- _Work task_
Starting at the line where "Cargador Reloj para" occurs, reproduce each line through the end of the entries below exactly. Omit every picture.
━━━━━ Records provided ━━━━━
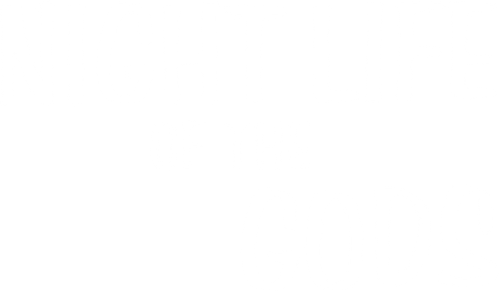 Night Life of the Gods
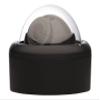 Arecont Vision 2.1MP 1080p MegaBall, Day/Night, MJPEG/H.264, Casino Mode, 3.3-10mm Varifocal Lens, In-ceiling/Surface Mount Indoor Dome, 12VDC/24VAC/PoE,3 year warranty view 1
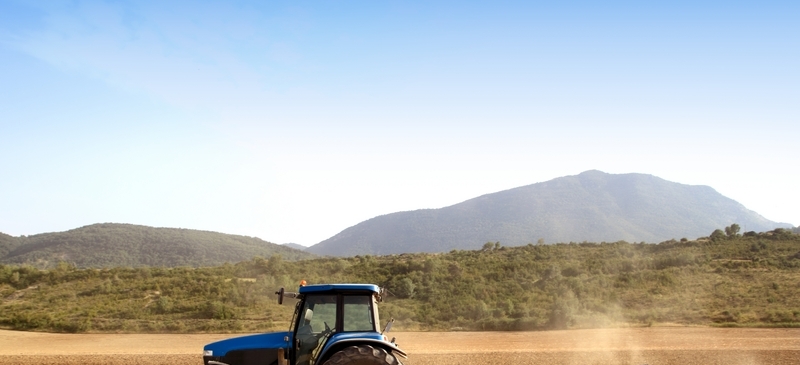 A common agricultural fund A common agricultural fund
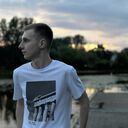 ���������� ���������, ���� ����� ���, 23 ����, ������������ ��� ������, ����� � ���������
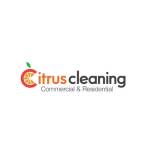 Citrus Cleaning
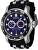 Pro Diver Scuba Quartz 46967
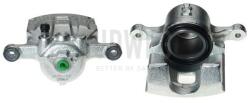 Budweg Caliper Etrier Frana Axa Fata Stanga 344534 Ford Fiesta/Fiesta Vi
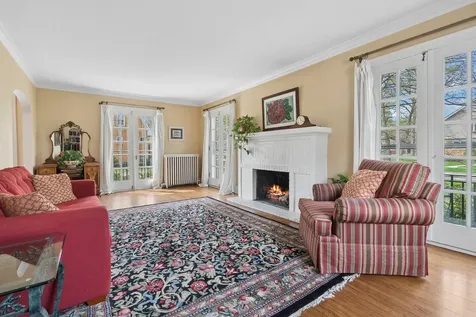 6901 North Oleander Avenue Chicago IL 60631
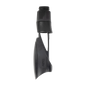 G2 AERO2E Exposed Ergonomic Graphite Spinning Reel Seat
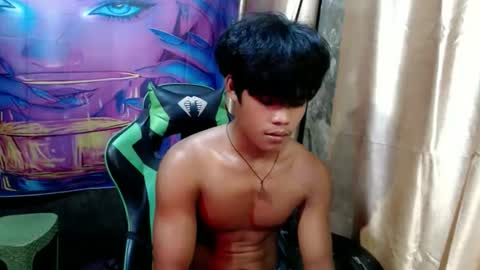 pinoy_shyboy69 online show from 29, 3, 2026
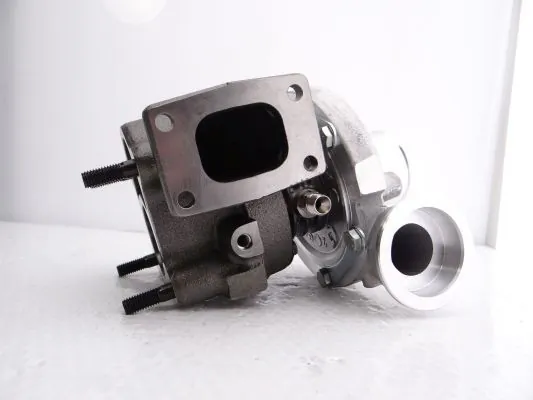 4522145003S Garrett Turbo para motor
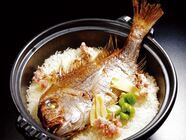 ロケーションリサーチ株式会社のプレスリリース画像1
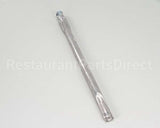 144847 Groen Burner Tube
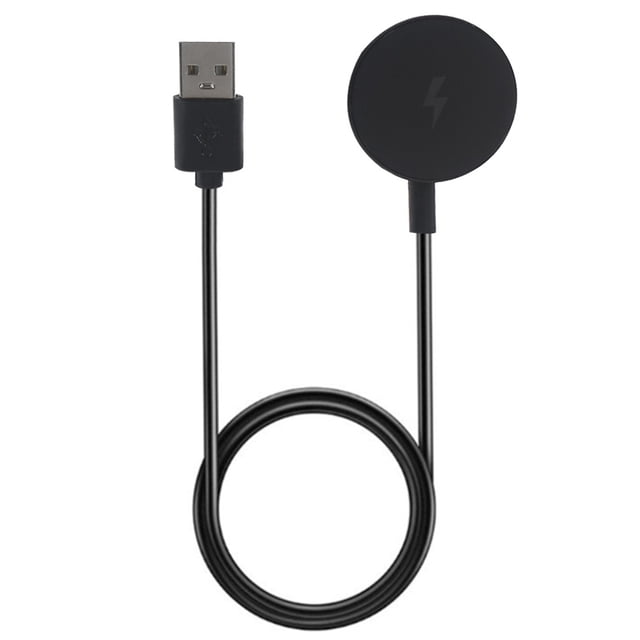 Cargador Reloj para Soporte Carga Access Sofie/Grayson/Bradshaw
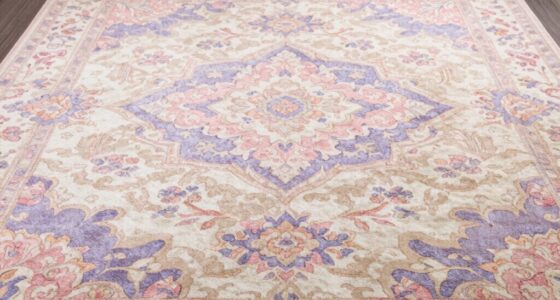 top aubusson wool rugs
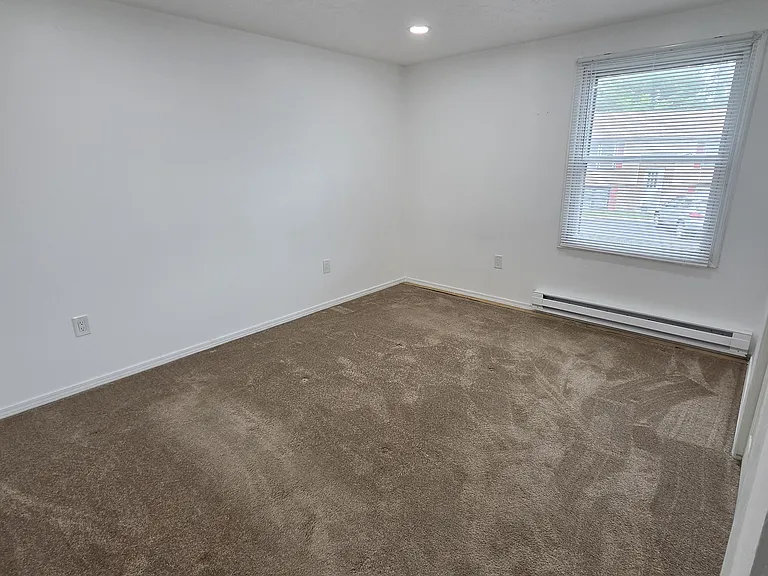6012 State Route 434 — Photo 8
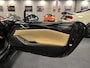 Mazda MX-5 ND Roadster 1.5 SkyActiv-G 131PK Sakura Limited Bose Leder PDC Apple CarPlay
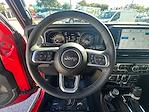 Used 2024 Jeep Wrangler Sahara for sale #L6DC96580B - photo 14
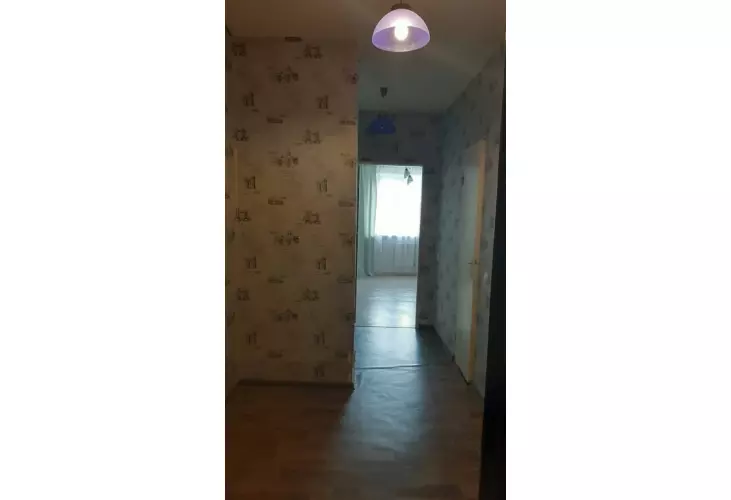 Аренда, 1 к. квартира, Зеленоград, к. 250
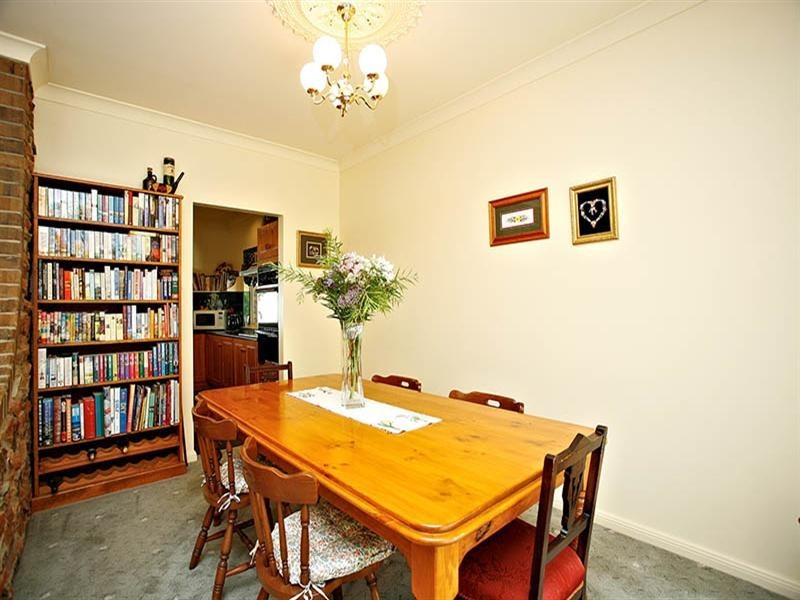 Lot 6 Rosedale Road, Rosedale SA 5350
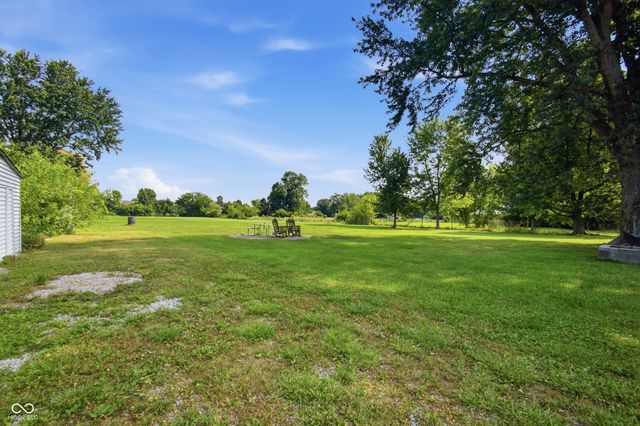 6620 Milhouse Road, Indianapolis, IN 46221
━━━━━
- _Result of this task_
 Cargador Reloj para Soporte Carga Access Sofie/Grayson/Bradshaw
 top aubusson wool rugs
6012 State Route 434 — Photo 8
 Mazda MX-5 ND Roadster 1.5 SkyActiv-G 131PK Sakura Limited Bose Leder PDC Apple CarPlay
 Used 2024 Jeep Wrangler Sahara for sale #L6DC96580B - photo 14
 Аренда, 1 к. квартира, Зеленоград, к. 250
 Lot 6 Rosedale Road, Rosedale SA 5350
 6620 Milhouse Road, Indianapolis, IN 46221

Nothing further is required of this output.